Entries shown:
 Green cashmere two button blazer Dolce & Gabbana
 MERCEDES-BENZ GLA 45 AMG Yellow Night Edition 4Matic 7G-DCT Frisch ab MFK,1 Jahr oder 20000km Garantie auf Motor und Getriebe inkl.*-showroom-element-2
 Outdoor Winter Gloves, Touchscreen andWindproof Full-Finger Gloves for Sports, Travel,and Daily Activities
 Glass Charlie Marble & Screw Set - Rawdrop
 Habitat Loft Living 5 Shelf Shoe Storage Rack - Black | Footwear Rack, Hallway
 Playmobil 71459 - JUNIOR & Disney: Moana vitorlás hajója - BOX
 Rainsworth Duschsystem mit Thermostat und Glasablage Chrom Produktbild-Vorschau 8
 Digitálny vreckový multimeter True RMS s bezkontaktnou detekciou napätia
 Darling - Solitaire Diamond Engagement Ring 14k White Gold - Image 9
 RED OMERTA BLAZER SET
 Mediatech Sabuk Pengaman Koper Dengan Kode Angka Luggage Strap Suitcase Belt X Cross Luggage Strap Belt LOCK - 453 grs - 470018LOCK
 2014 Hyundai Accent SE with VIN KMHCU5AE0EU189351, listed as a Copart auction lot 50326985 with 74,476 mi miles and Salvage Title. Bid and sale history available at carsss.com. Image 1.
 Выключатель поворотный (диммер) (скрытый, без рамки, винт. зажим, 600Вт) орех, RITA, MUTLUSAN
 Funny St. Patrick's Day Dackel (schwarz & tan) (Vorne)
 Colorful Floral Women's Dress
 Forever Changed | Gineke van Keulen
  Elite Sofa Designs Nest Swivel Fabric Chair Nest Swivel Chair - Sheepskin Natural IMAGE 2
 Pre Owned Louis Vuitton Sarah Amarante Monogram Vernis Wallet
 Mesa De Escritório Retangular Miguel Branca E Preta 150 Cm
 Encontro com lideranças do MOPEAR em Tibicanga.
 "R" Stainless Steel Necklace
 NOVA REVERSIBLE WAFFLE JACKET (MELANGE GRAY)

Task to complete: Using the data above, extract exactly the lines from the one that holds "MERCEDES-BENZ GLA 45" to the one that holds "Encontro com lideranças", both ends included, and no others.

Answer space:
 MERCEDES-BENZ GLA 45 AMG Yellow Night Edition 4Matic 7G-DCT Frisch ab MFK,1 Jahr oder 20000km Garantie auf Motor und Getriebe inkl.*-showroom-element-2
 Outdoor Winter Gloves, Touchscreen andWindproof Full-Finger Gloves for Sports, Travel,and Daily Activities
 Glass Charlie Marble & Screw Set - Rawdrop
 Habitat Loft Living 5 Shelf Shoe Storage Rack - Black | Footwear Rack, Hallway
 Playmobil 71459 - JUNIOR & Disney: Moana vitorlás hajója - BOX
 Rainsworth Duschsystem mit Thermostat und Glasablage Chrom Produktbild-Vorschau 8
 Digitálny vreckový multimeter True RMS s bezkontaktnou detekciou napätia
 Darling - Solitaire Diamond Engagement Ring 14k White Gold - Image 9
 RED OMERTA BLAZER SET
 Mediatech Sabuk Pengaman Koper Dengan Kode Angka Luggage Strap Suitcase Belt X Cross Luggage Strap Belt LOCK - 453 grs - 470018LOCK
 2014 Hyundai Accent SE with VIN KMHCU5AE0EU189351, listed as a Copart auction lot 50326985 with 74,476 mi miles and Salvage Title. Bid and sale history available at carsss.com. Image 1.
 Выключатель поворотный (диммер) (скрытый, без рамки, винт. зажим, 600Вт) орех, RITA, MUTLUSAN
 Funny St. Patrick's Day Dackel (schwarz & tan) (Vorne)
 Colorful Floral Women's Dress
 Forever Changed | Gineke van Keulen
  Elite Sofa Designs Nest Swivel Fabric Chair Nest Swivel Chair - Sheepskin Natural IMAGE 2
 Pre Owned Louis Vuitton Sarah Amarante Monogram Vernis Wallet
 Mesa De Escritório Retangular Miguel Branca E Preta 150 Cm
 Encontro com lideranças do MOPEAR em Tibicanga.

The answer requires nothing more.